В условиях множащихся восстаний большевики не были расположены к тому, чтобы мириться с самостоятельностью махновцев. Еще 6 апреля «Известия» положительно отозвались о Махно, но 25 апреля в Харьковских «Известиях» появилась статья «Долой махновщину», в которой говорилось: «Повстанческое движение крестьянства случайно попало под руководство Махно и его “Военно-революционного штаба”, в котором нашли себе пристанище и бесшабашно анархистские, и бело-левоэсеровские, и другие остатки “бывших” революционных партий, которые разложились. Попав под руководство таких элементов, движение значительно утратило силу, успехи, связанные с его подъемом, не могли быть закреплены анархичностью действий….Безобразиям, которые происходят в “царстве” Махно, нужно положить конец»{335}.
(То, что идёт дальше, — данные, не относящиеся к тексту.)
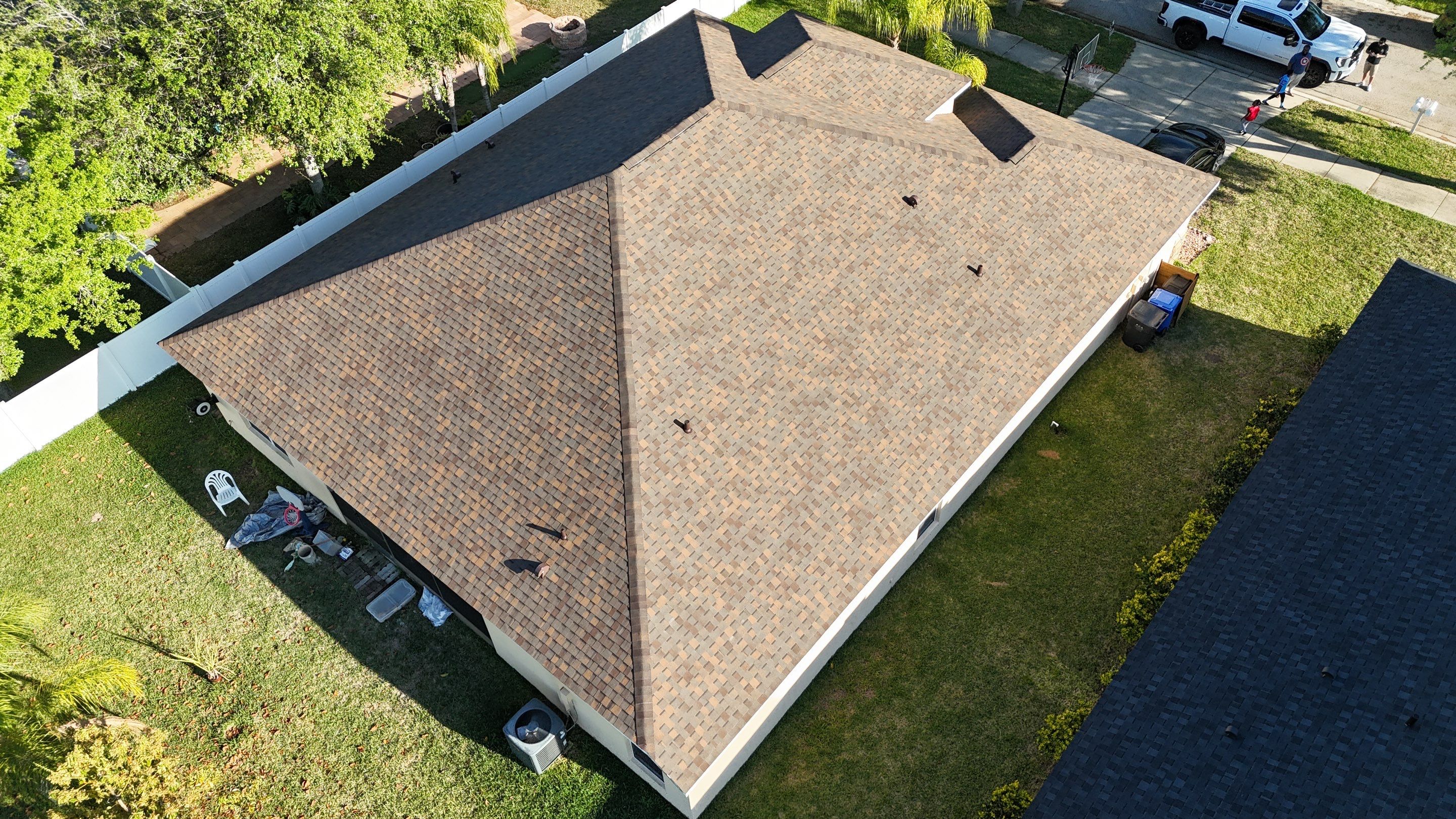 Roof Replacement in Riverview, FL by Steadfast Roofing 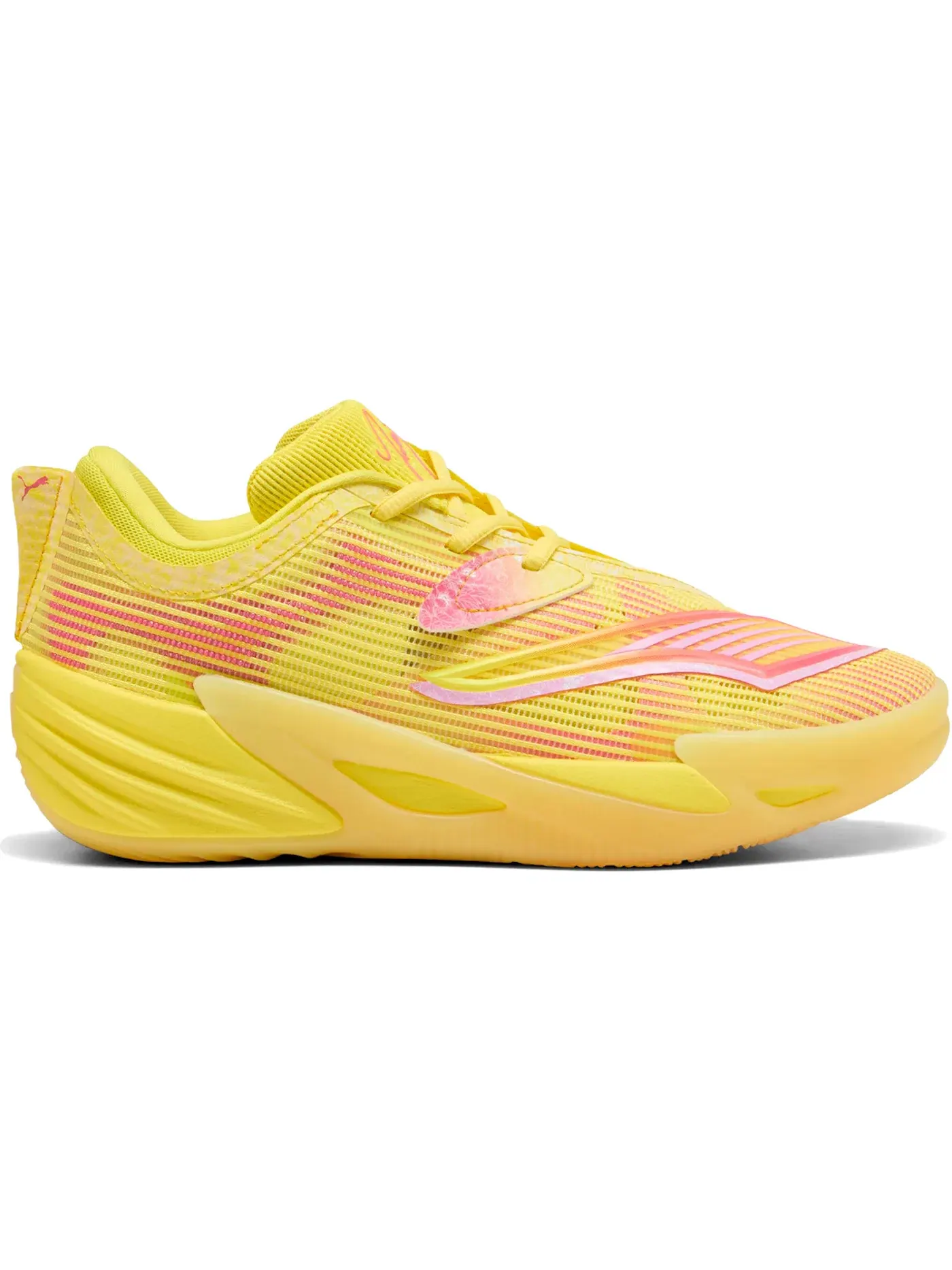 Мужские кроссовки для бега Puma All-Pro Nitro 2 — изображение 1 из 1, розовый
10 апреля махновцы собрались на свой III районный съезд в Гуляйполе. На него съехались делегаты уже 72 волостей Александровского, Мариупольского, Бердянского, Бахмутского и Павлоградского уезда и частей махновской бригады.

Делегаты с гордостью писали в своей резолюции, что провели съезд «без давления какой бы то ни было политической партии». Делегаты были настроены резко критически к «захвату власти политической партией коммунистов-большевиков», «проводящей свою преступную по отношению к социальной революции и трудящимся массам политику». Съезд протестовал «против реакционных приемов большевистской власти, проводимых комиссарами и агентами чрезвычаек, расстреливающих крестьян, рабочих и повстанцев под всякими предлогами…»{336}.